Dataset records
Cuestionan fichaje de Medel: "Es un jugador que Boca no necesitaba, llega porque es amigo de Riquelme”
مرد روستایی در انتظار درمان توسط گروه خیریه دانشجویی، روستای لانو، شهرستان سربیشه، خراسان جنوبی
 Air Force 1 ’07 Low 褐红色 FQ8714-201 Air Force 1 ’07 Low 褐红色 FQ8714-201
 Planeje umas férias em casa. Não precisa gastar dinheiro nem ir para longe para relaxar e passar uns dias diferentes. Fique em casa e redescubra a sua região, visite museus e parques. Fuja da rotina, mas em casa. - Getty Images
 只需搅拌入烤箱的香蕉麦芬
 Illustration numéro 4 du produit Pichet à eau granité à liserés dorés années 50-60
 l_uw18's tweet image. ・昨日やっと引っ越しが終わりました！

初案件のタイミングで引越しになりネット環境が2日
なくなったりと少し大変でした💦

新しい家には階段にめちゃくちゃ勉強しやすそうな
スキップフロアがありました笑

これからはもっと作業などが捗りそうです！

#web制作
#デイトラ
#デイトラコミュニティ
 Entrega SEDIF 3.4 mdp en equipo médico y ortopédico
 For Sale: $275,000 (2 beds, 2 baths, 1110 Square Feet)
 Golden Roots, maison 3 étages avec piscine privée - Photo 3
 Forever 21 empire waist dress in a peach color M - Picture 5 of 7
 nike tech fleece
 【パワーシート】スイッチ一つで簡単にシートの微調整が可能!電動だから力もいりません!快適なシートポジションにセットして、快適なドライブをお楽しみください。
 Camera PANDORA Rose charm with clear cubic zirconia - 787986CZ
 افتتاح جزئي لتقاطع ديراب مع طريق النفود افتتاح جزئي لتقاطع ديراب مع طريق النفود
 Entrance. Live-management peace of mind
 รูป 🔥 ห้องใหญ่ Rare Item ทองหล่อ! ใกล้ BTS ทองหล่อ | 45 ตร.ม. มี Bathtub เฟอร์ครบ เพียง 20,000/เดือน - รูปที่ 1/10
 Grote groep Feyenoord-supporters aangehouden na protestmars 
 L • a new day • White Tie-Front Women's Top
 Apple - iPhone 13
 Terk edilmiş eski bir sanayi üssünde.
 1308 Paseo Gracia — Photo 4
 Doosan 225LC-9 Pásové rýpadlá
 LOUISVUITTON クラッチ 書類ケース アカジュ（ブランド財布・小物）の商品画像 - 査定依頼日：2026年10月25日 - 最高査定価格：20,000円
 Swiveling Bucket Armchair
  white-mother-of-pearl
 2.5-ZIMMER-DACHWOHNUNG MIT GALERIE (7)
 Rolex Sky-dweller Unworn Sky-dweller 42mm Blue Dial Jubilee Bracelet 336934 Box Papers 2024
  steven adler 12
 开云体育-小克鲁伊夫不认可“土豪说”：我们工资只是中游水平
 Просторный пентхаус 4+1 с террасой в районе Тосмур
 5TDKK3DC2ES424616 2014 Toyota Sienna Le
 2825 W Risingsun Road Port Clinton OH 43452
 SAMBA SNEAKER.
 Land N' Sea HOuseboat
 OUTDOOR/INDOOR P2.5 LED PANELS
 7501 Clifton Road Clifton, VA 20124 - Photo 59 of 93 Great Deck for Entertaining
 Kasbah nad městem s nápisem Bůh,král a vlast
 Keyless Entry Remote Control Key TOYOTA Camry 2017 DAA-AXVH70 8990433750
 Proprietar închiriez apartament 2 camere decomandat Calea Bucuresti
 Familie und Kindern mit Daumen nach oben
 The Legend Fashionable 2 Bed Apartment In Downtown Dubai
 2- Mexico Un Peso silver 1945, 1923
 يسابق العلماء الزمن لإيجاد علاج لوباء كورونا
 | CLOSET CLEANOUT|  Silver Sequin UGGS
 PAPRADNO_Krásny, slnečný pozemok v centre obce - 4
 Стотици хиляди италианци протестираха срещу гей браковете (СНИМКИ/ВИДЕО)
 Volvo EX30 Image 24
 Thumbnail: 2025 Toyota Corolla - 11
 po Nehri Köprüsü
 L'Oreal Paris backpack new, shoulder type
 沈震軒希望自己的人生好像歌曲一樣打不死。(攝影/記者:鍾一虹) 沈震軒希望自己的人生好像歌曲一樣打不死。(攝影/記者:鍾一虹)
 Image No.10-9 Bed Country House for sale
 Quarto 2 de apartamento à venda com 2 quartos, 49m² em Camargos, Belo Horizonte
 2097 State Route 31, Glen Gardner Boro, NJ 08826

What to produce:
The reply should consist solely of the lines above from the one that has "Doosan 225LC-9 Pásové rýpadlá" through the one that has "Просторный пентхаус 4+1", reproduced exactly.

Answer space:
 Doosan 225LC-9 Pásové rýpadlá
 LOUISVUITTON クラッチ 書類ケース アカジュ（ブランド財布・小物）の商品画像 - 査定依頼日：2026年10月25日 - 最高査定価格：20,000円
 Swiveling Bucket Armchair
  white-mother-of-pearl
 2.5-ZIMMER-DACHWOHNUNG MIT GALERIE (7)
 Rolex Sky-dweller Unworn Sky-dweller 42mm Blue Dial Jubilee Bracelet 336934 Box Papers 2024
  steven adler 12
 开云体育-小克鲁伊夫不认可“土豪说”：我们工资只是中游水平
 Просторный пентхаус 4+1 с террасой в районе Тосмур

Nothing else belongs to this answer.